Вышивала она по тонкой канве, мелким швом, тщательно подбирая тени; работа была кропотливая и подвигалась медленно, но зато лица, цветы и деревья выходили, как живые.
— Успею ли я кончить? — говаривала она иногда со вздохом, в то время как Магдалина любовалась рыцарем на коне перед замком с красавицей, выглядывавшей из окна высокой башни.
— Разумеется, успеете, маменька, — спешила ответить Магдалина. — Почему же не успеть? Ведь вы папеньке ковёр за год вышили.
Но при произнесении этих слов сердце её тоскливо сжималось. Она догадывалась, на что намекала мать. Мысль о смерти теперь ни на минуту их не покидала. Обе они чувствовали, что долго прожить в том напряжённом состоянии, в котором они находятся с того дня, как с Фёдором стряслась беда, невозможно и, разумеется, первая падёт на скорбном пути та, чей организм уже подточен и летами, и раньше испытанными ударами судьбы. При этой мысли Магдалине становилось так горько, что она не знала, чего ей больше желать: жить ли для борьбы с людьми и с судьбой, или умереть вместе с матерью и ждать соединения с возлюбленным на том свете, там, где разлуки с близкими душами нет.

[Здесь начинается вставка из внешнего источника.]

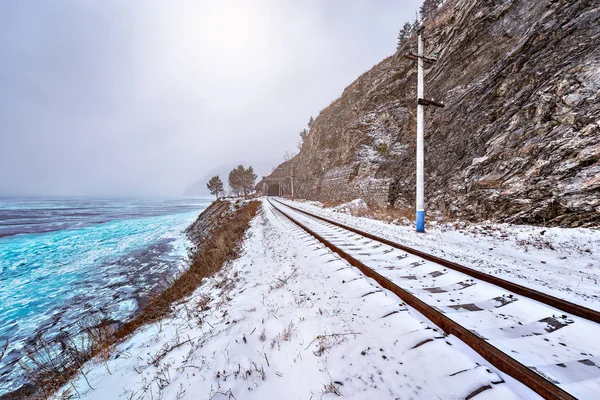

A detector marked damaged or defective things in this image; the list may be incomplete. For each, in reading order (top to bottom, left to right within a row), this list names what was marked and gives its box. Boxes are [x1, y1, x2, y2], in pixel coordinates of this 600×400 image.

rusty rail [268, 199, 576, 400]
rusty rail [274, 197, 600, 324]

Но минуты такого душевного изнеможения находили на неё редко и проходили быстро. Слишком много было в ней энергии и силы воли, чтоб не любить жизни во всех её проявлениях, даже самых ужасных.

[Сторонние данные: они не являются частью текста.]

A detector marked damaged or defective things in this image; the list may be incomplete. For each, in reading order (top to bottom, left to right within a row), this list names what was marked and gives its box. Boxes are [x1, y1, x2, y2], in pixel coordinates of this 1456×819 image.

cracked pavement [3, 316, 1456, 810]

Каждое утро ходила она к ранней обедне в их приходскую церковь и там, на виду у всех, так усердно молилась, что заподозрить её в отходе от православия было немыслимо.
Впрочем, обвинение стряпчего, не нашедши поддержки у начальства, волей-неволей должно было кануть в Лету; тем более что и розыски его в этом направлении ни к чему не привели. Убийство князя Дульского послужило как будто сигналом для исчезновения симионовцев из здешней местности; они все точно сквозь землю провалились.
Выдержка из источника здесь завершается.